Expands federal FASD programs by broadening scope to identification and lifespan supports, creating Centers for Excellence, and funding state and Tribal capacity-building.

The Brief

The bill amends Part O of the Public Health Service Act to reauthorize and broaden the federal Fetal Alcohol Spectrum Disorders (FASD) Prevention and Services program. It replaces and consolidates prior provisions, enlarges the program’s mandate to include awareness, identification, intervention, and support across the lifespan, and establishes a grant program to create FASD Centers for Excellence that provide training, technical assistance, and a national clearinghouse for best practices.

This legislation matters because it shifts federal emphasis from narrow prevention and diagnosis projects to a broader, systems-focused approach that explicitly includes Tribal capacity, culturally and linguistically appropriate interventions, and state-level coordination.
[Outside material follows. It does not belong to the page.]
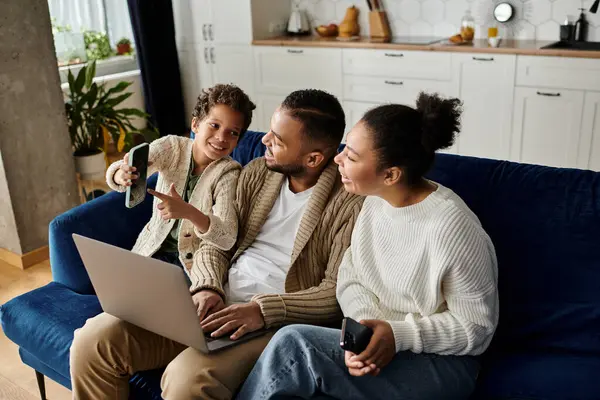 La familia afroamericana se relaja en un sofá, absorta en una pantalla de computadora portátil. — Stock Photo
The law creates new application requirements for grant recipients, authorizes open-ended appropriations for fiscal years 2025–2029, and directs HHS to report on progress — all of which will shape how states, Tribes, health systems, and service providers organize FASD-related services and surveillance.

At a Glance

What It Does

The bill amends the Public Health Service Act to expand authorized activities from prevention and diagnosis to awareness, identification, intervention, and family support, and it creates grant authority to establish Fetal Alcohol Spectrum Disorders Centers for Excellence. It replaces older statutory sections with a new structure that defines eligible grantees, allows subcontracting of services, and defines the term 'FASD-informed.'

Who It Affects

Primary targets for grants and programmatic work include State and Tribal health agencies, local governments, academic medical centers and health professions schools, nonprofit service providers, and community-based behavioral health and disability service systems. Secondary targets include education, child welfare, and justice-sector actors who will be offered training and resources.

Why It Matters

The bill centralizes federal support for FASD through funded centers and a national resource function, which could standardize screening guidance, diagnostics, and training across jurisdictions. It also embeds a requirement for culturally and linguistically appropriate programming, raising the bar for how prevention and support services must be designed and delivered.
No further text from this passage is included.